Subscriptions are generally $5.99 a month, with The WSJ priced at $9.99 and The New York Times at $13.99. Daily editions are kept for up to seven days. Books are generally priced at $9.95. There is also a selection of blogs to subscribe to for 95 cents a month and up. You can also e-mail MS Office files to yourself, or anything else, for 10 cents a pop, but Amazon is not playing up the always-on network capabilities beyond the fact that it isn’t Wi-Fi and its spotty reception.
The difference between Amazon’s reader and previous electronic editions from Olive Software and others is this one is expressly designed for portability. The downside is that it is in B&W and doesn’t readily enable rich advertising or multimedia. It is telling that Olive enabled these extras, but never caught on: People didn’t want to pay extra to be tethered to their PC (or apparently, for any other reason).
Reading a paper on the Kindle is probably better than reading headlines on a cellphone, but not as good as reading the fully graphical online edition on an iPhone. Still, it makes you think how far newspapers have come in the past five years or so. I might like it on a commuter train, where Wi-Fi isn’t readily available and space is tight. More than 200 testers for Amazon have left reviews of their experience on the Amazon site, and they are generally positive. Of course, they weren’t paying for the subscriptions, or the device, which is the price of a low-end laptop.

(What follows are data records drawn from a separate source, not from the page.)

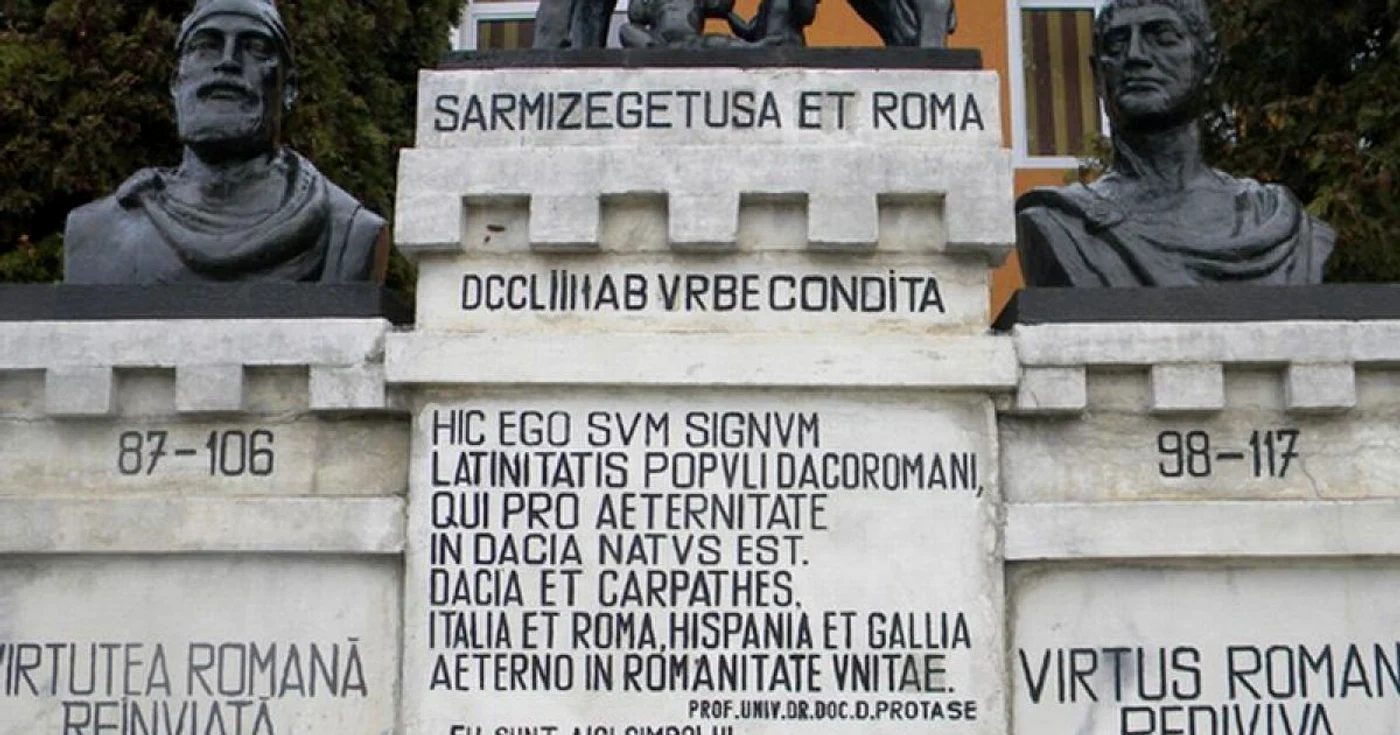 Lupa Capitolina din Cristeştii Ciceului este una dintre donaţiile doctorului Dascăl. 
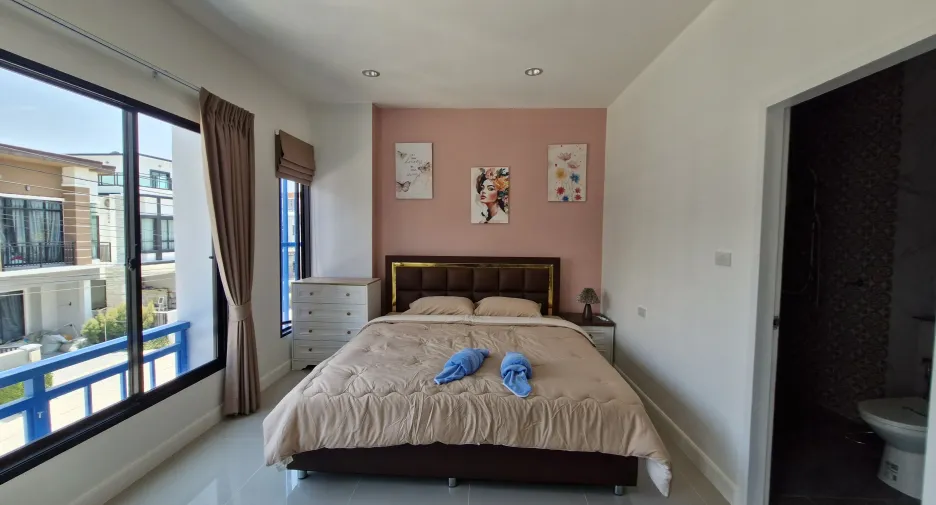 For rent 3 bedrooms house in Cha Am, Phetchaburi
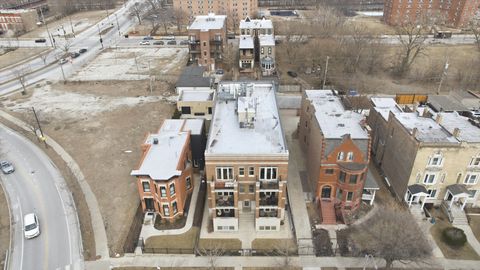 Tiny photo for 3945 S ELLIS Avenue #3N, Chicago, IL 60653 (MLS # 12574056)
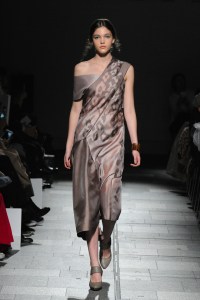 Hanae Mori Manuscrit RTW fall 2017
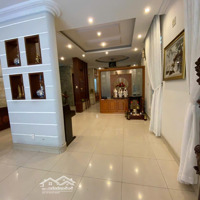 Bán Nhà Biệt Thự Mặt Tiền Quận 11,Cư Xá Lữ Gia, Có Gara Riêng Đậu 2 Xe Hơi 16 Chỗ,Xem Sổ 0902771723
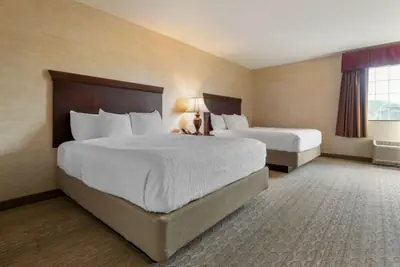Photo 4 - Best Western PLUS Vineyard Inn and Suites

Will there ever be a reader that makes a newspaper palatable and profitable? For more than 20 years, newspaper companies have spent tens of millions of dollars, if not hundreds of millions, trying to develop an ideal device. Microsoft has also been in the game, forming a partnership with several newspapers for its tablet devices. Since Vista’s launch, the tablet has become more realistic because it doesn’t require so much software downloading. But it is unlikely there are many users for it.
I like the idea of Kindle, and I hope Amazon gets around to sending me a review copy. But I bet Kindle won’t really catch on as a newspaper reading device. And its inability to support advertising makes it nothing but a premium news product. Some people will try it out, but if any of the local papers have more than 300 subscribers a few months down the line, I’d be surprised.